No picture should appear in the copy. Transcribe exactly, and only, the lines from the one with "Book cover of" through the last line of the data below.

### Data for processing ###

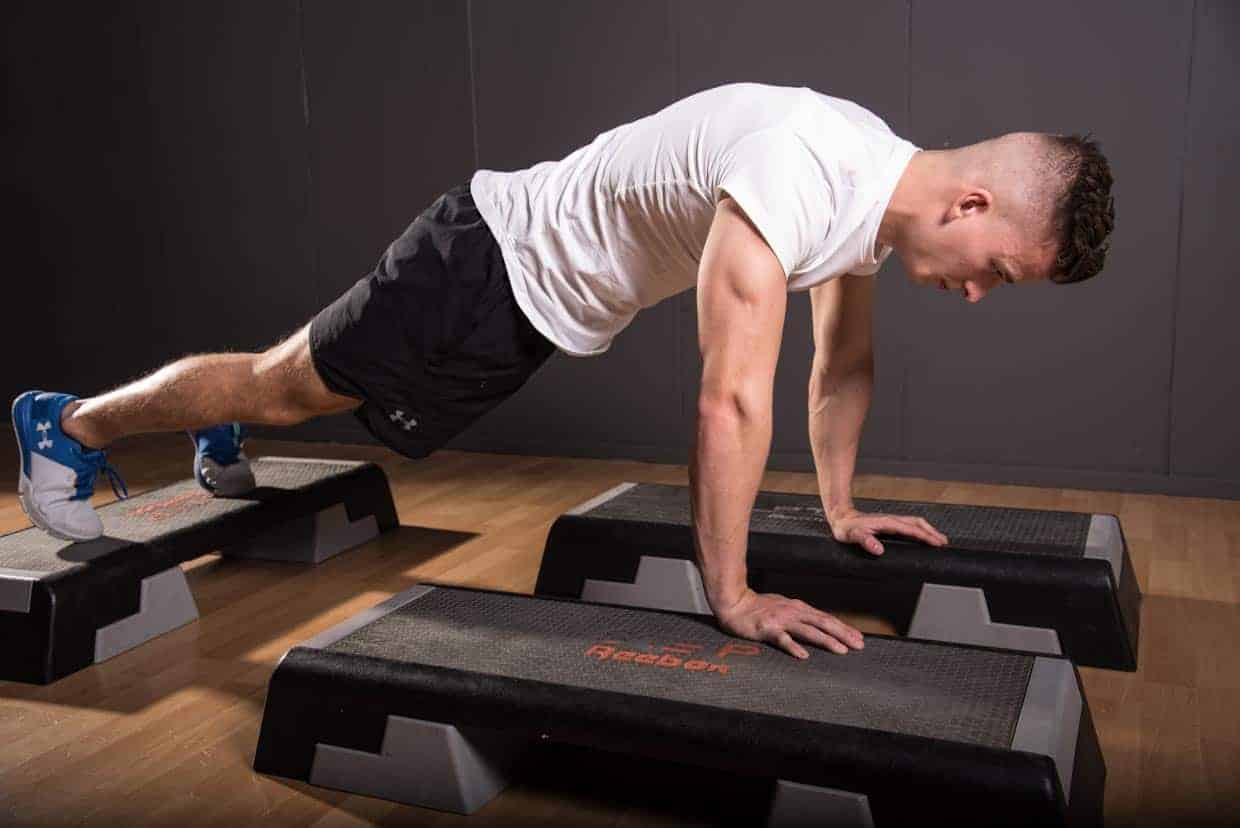 Flexiones profundas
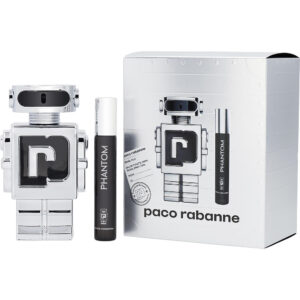 Paco Rabanne Phantom Eau de Toilette Spray for Men, 3.4 oz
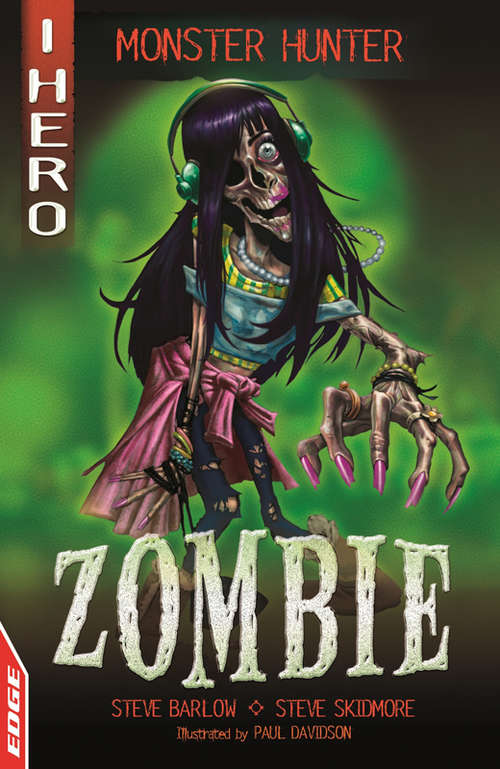 Book cover of Zombie (EDGE: I HERO: Monster Hunter #2)
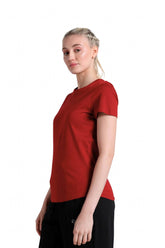 Classic Plain Maroon Tee - Unisex - Two One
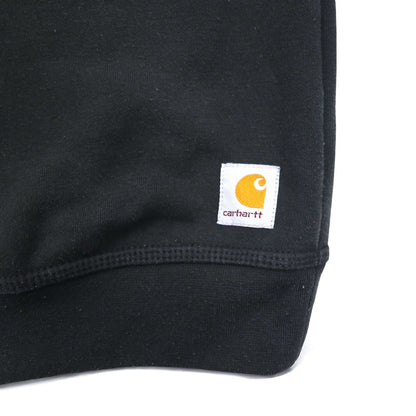 Carhartt クルーネック スウェット XL ブラック MIDWEIGHT CREWNECK SWEATSHIRT K124 メキシコ製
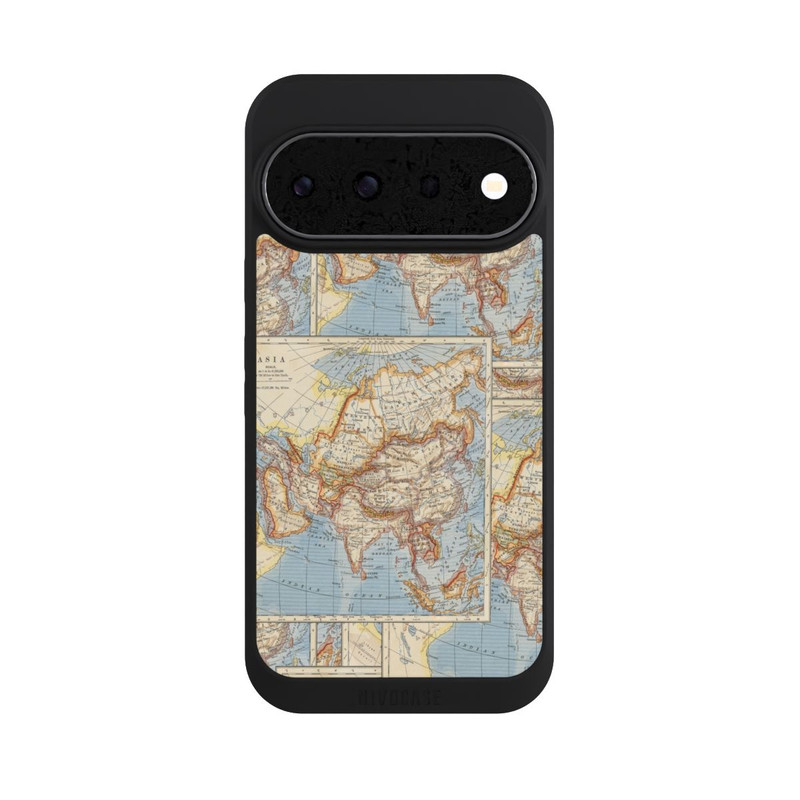 Pixel 11 Pro NIVOpure Weltkarte Vintage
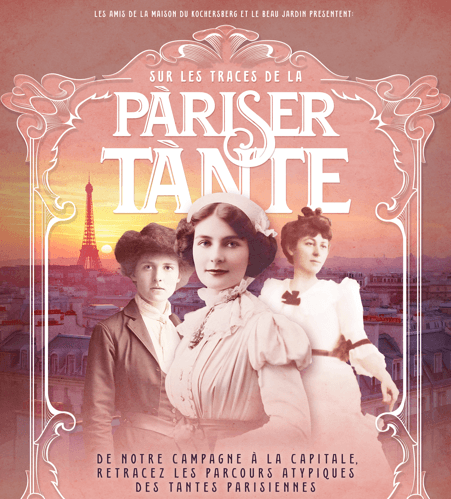 Exposition : sur les traces de la Pàriser Tànte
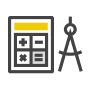 Icono de calculadora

###

• _Answer to the exercise_:
 Book cover of Zombie (EDGE: I HERO: Monster Hunter #2)
 Classic Plain Maroon Tee - Unisex - Two One
 Carhartt クルーネック スウェット XL ブラック MIDWEIGHT CREWNECK SWEATSHIRT K124 メキシコ製
 Pixel 11 Pro NIVOpure Weltkarte Vintage
 Exposition : sur les traces de la Pàriser Tànte
 Icono de calculadora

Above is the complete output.